▶ _PROBLEM DETAILS_
Repeat, word for word, every line from the line holding "Модели человека" through the final line of the entries below. Skip all pictures.

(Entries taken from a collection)
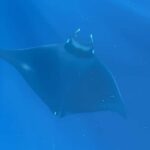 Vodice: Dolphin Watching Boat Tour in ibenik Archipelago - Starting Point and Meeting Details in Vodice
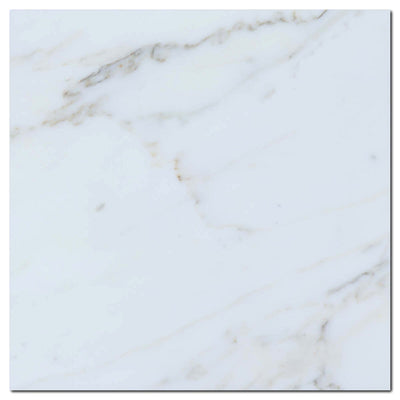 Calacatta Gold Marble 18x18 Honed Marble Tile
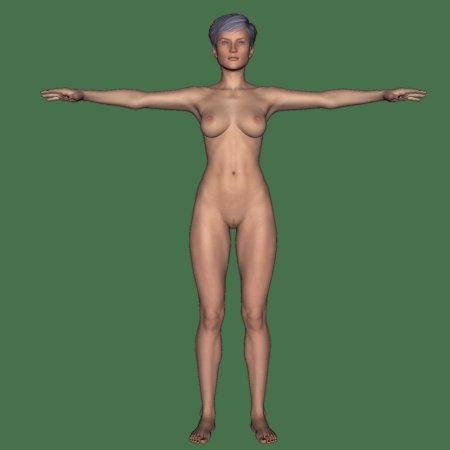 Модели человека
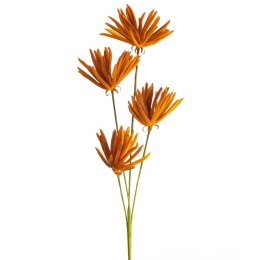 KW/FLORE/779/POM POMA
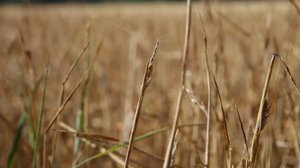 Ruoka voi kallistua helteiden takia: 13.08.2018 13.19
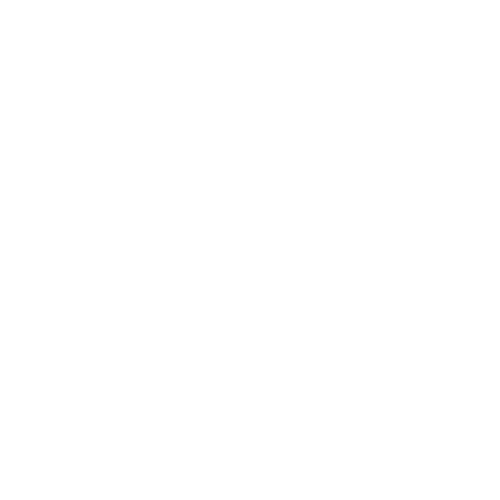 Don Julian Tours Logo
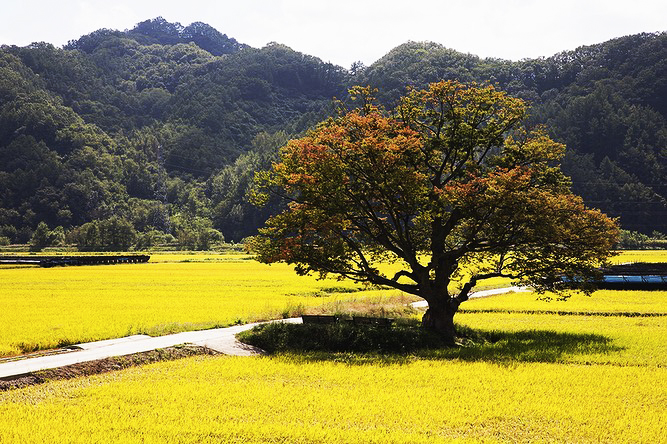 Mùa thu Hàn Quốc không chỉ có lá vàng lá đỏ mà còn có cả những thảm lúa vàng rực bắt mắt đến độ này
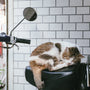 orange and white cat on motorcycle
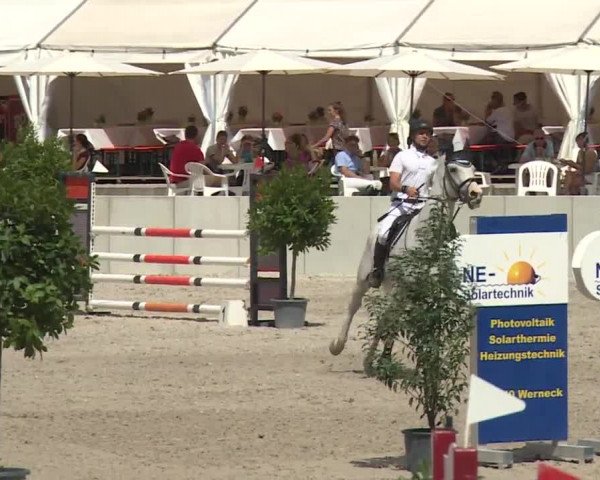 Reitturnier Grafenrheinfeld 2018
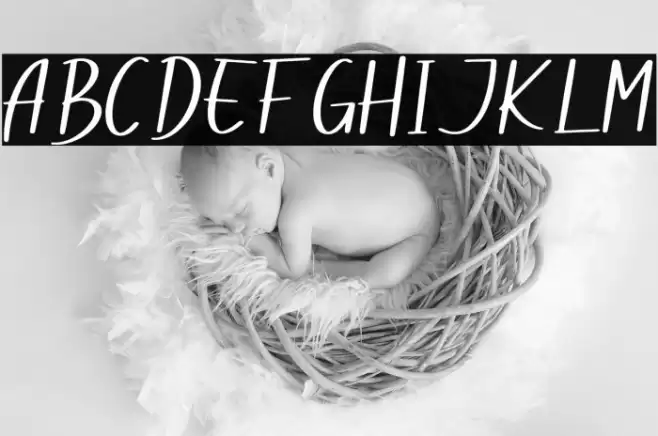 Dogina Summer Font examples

▶ _SOLUTION_
 Модели человека
 KW/FLORE/779/POM POMA
 Ruoka voi kallistua helteiden takia: 13.08.2018 13.19
 Don Julian Tours Logo
 Mùa thu Hàn Quốc không chỉ có lá vàng lá đỏ mà còn có cả những thảm lúa vàng rực bắt mắt đến độ này
 orange and white cat on motorcycle
 Reitturnier Grafenrheinfeld 2018
 Dogina Summer Font examples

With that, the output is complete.